I've had mine ( #46 ) for a month or so now. Basically for the $ it's a good solid piece of iron. I ran a set of jam nuts with a fine 1" internal thread and the threading and tolerances were very consistent. I had to run off a few pieces for fixtures and the conversation mode makes this productive as long as the part geometry fits into the conversational set ( meaning forward facing features ). I had to make some one-off mandrils and spacers; I don't think it would have been faster on a manual lathe. There's an issues that you would have with any open loop machine:

If you need tight tolerances you need to re-check and tweak your tool offsets between power cycles. The tool gets it's zero references from micro switches which can be off from one reset to the next. I was using a boring bar up on the gang plate and external tool on the QCTP, so I found what worked was to cut a test piece with an arbitrary external and internal diameter, put some Dykem on them and touch tools off by jogging them in at .0001 steps with the jogging dial, then adjust the offsets in the tool table. This sounds a little overkill, but really just takes about 10 - 15 minutes. Once the tools are dialed in they are *very* accurate, but then I decided to spend the extra bucks and go with Dorian.

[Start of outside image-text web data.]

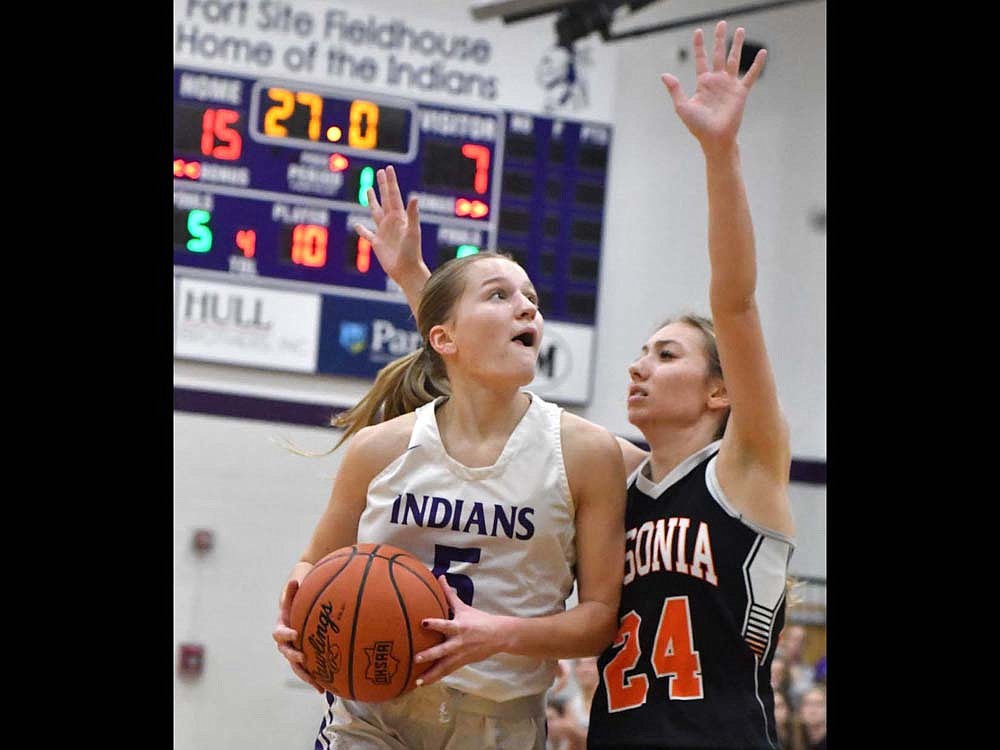 FRHS senior Cali Wendel draws contact from Ansonia’s Bailey Schmit during the Indians’ 51-36 blowout on Tuesday. Wendel hit both free throws as part of a 24-0 Indians run. (The Commercial Review/Andrew Balko)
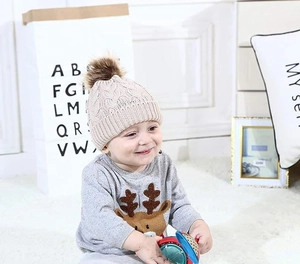 Close-up of a beige cable-knit baby hat with faux fur pom pom on a baby model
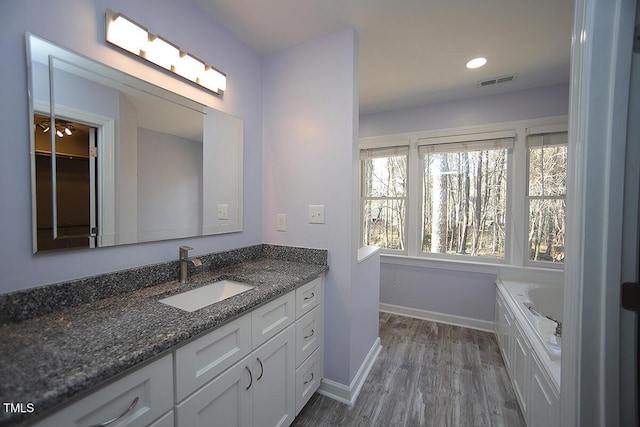 bathroom featuring vanity, wood finished floors, visible vents, baseboards, and a bath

I got this machine because I know that Tormach will support it and bring some great solutions going forward.

My main complaint at this point is with SprutCAM8. There was no post processor that I know of for their lathe XZ. The sample I got from Tormach just isn't *there* yet. I have a software engineering background so last week I decided to use the Sprut post processor generation tool and get into it. It's *almost* working, but the problem is with SprutCAM. Clearly these guys are bunch of Russian math geniuses and have gotten all the heavy stuff ( 5 axis milling ) done, but poor old lathe XZ has some serious bugs - just look at the approach tool path of a drilling op. It looks like they haven't touched this code since whenever, so it makes for some very messy logic in the post processor to clean these things up. My $.02

@compunerdy: Thanks for the update on MDI memory! I was running out of scratch paper.